Material provided.
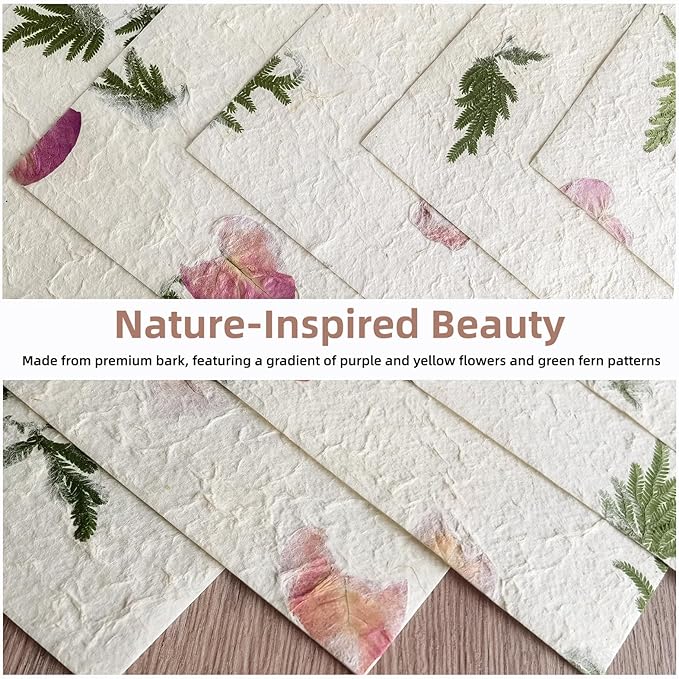 Handmade Botanical Craft Paper - 10 Sheets 15x22 Inch Acid-Free Art Paper for Watercolor,Wedding Invites,Scrapbooking - Vintage Textured Designs for DIY,Gift Wrapping & Cultural Projects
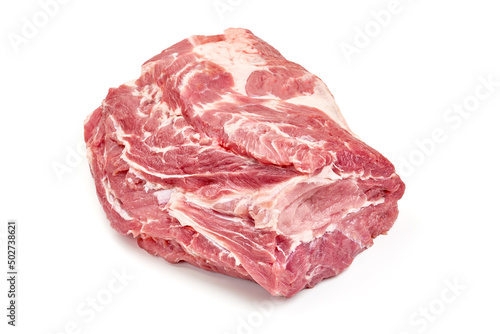 Shoulder butt meat, isolated on white background. High resolution image.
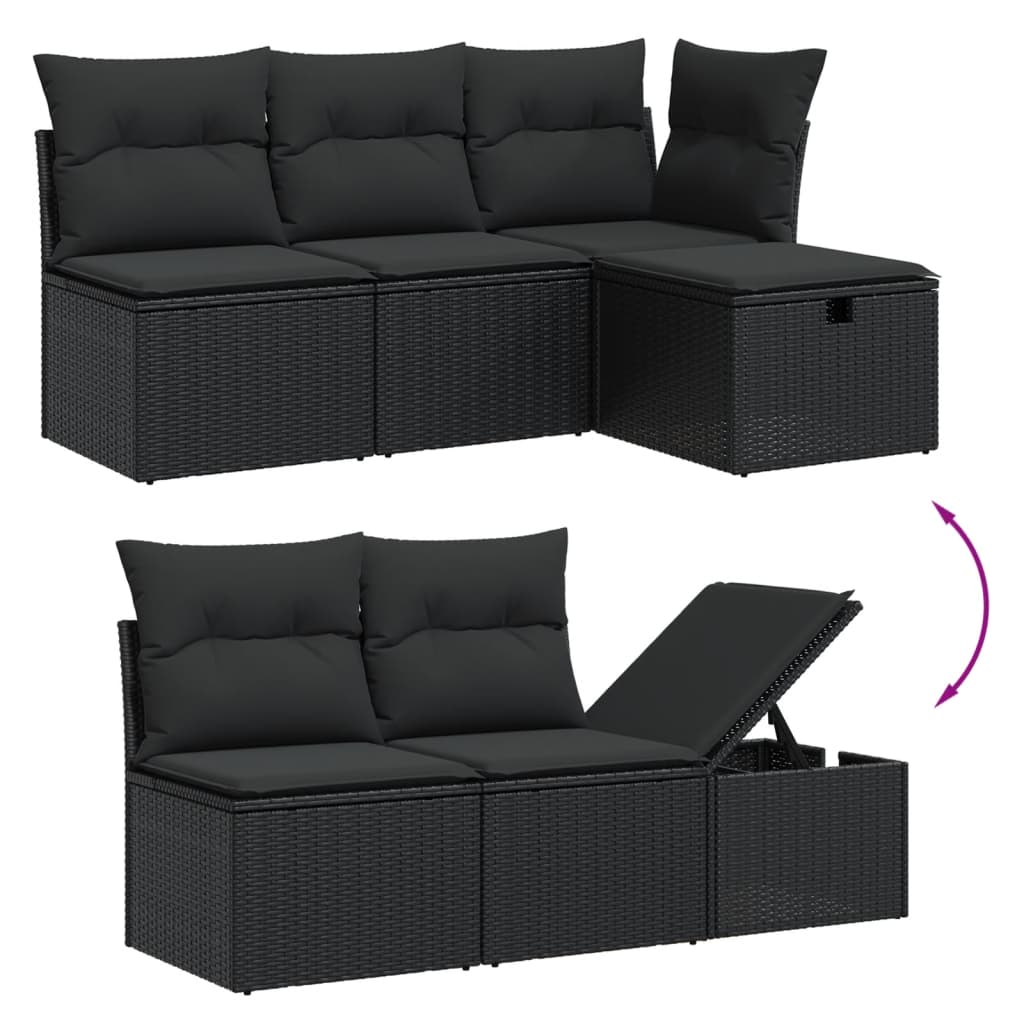 7 részes fekete polyrattan kerti ülőgarnitúra párnával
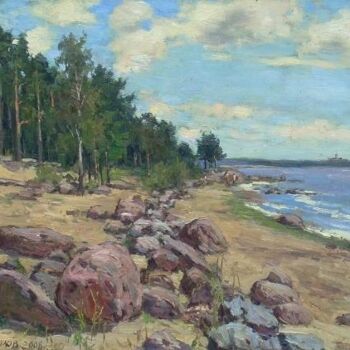 Painting titled "На Финском заливе" by Vladimir Kopylov, Original Artwork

Requirement. Copy exactly, please, the lines that run from the line holding "7 részes fekete" through the closing line of the material above, omitting every picture.

Task answer.
 7 részes fekete polyrattan kerti ülőgarnitúra párnával
 Painting titled "На Финском заливе" by Vladimir Kopylov, Original Artwork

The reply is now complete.